Even the way the Chelsea handles its trash was ahead of the curve.
At least 10 years before Brattleboro began its curbside compost-pickup program, Darrah began composting the restaurant's food scraps and paper waste.
“The staff was totally on board,” Darrah said, noting, “more trash goes to the compost than to the landfill.”
Picard pointed out that theirs is the only diner listed as a member of the Vermont Fresh Network. Amid the mostly fancy, white-tablecloth restaurants on the website promoting local farm-to-chef food distribution networks, there's the Chelsea.
When Darrah decided to switch to grass-fed beef, he realized the only way to keep it affordable at diner prices was to buy a whole steer and have it butchered. His steers come from Winterview Farm in Springfield, and supply the restaurant's short ribs, rib-eye steaks, ground meat, and liver.
“Even the burgers at the ice cream window are grass-fed,” he said. “95 percent of the beef we use here is grass-fed, which required educating the customer. The staff said [to skeptics], 'We like this. You'll like it, too.'”
Homegrown tomatoes
The diner's large garden, which Darrah refers to as his “sanctuary,” was inspired by Picard. When their relationship “got serious” about 18 years ago, Picard noticed how much her new love loved his garden at home.
“Why not grow lettuce and tomatoes for the diner?” Picard suggested.
“But, Todd never does anything small,” Picard said. “Next thing you know, Todd's rototilling the yard” behind the diner.
Darrah's half-acre garden supplies a variety of fruits and vegetables for the restaurant, including greens for cooking and salads, basil, brussels sprouts, strawberries, at least two kinds of mint, and tomatoes.
The apple trees that dot the yard behind the parking lot are utilized, too - for apple sauce, pies, and drinks. “We made cider with Pierre's antique apple press,” Darrah said, referring to Pierre Capy, co-owner of Mocha Joe's.
“Todd needs to go outside. He's in the kitchen all day,” Picard said. Darrah can often be seen walking between the garden and the kitchen with a bucket of fresh produce in hand.
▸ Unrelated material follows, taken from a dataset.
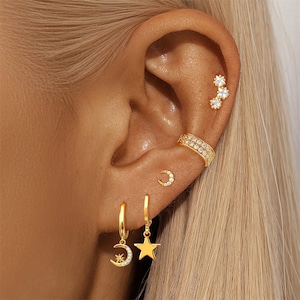 以下が含まれることがあります： ゴールドトーンの天体モチーフのイヤリングとイヤーカフ。イヤリングには、星が付いた三日月とぶら下がっている星が含まれています。小さな三日月スタッドとトリプルスターのスタッドも表示されます。イヤーカフには、小さな透明な石が飾られています。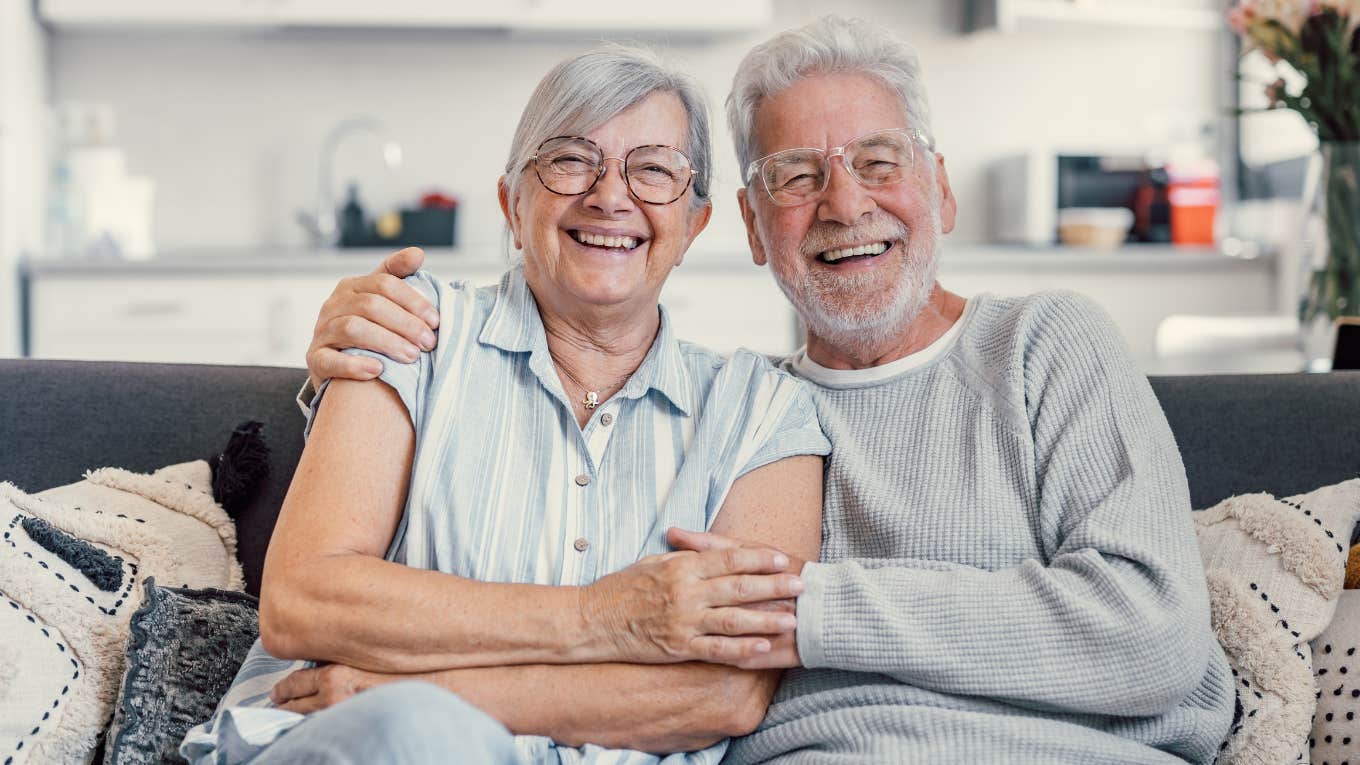 Forgotten Skills That Saved Your Grandparents During Tough Times older couple sitting next to each other on couch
Even some of the diner's eggs come from the garden. After noticing how expensive organic eggs were, Darrah brought in laying hens. The diner uses about 100 of the chickens' eggs each day.
Darrah's story
Like many chefs who have climbed their way up the kitchen ladder, Darrah started working in restaurants as a teenager, washing dishes. He realized he loved working with food, and after high school he earned a restaurant management degree from Paul Smith's College.
He left his home town of Ridgefield, Conn., because Vermont beckoned.
“I was a skier. I came here in the late 1970s when my parents built one of the first houses on Haystack Mountain,” Darrah said. After applying “everywhere” in the Wilmington/Dover area, he got a job at the Hermitage Inn, where he worked for seven years.
After a few years of co-owning Deerfields, a high-end restaurant in Wilmington, that partnership dissolved. Darrah needed something new, and found it in a defunct dining car lying fallow on the corner of Route 9 and Sunset Lake Road.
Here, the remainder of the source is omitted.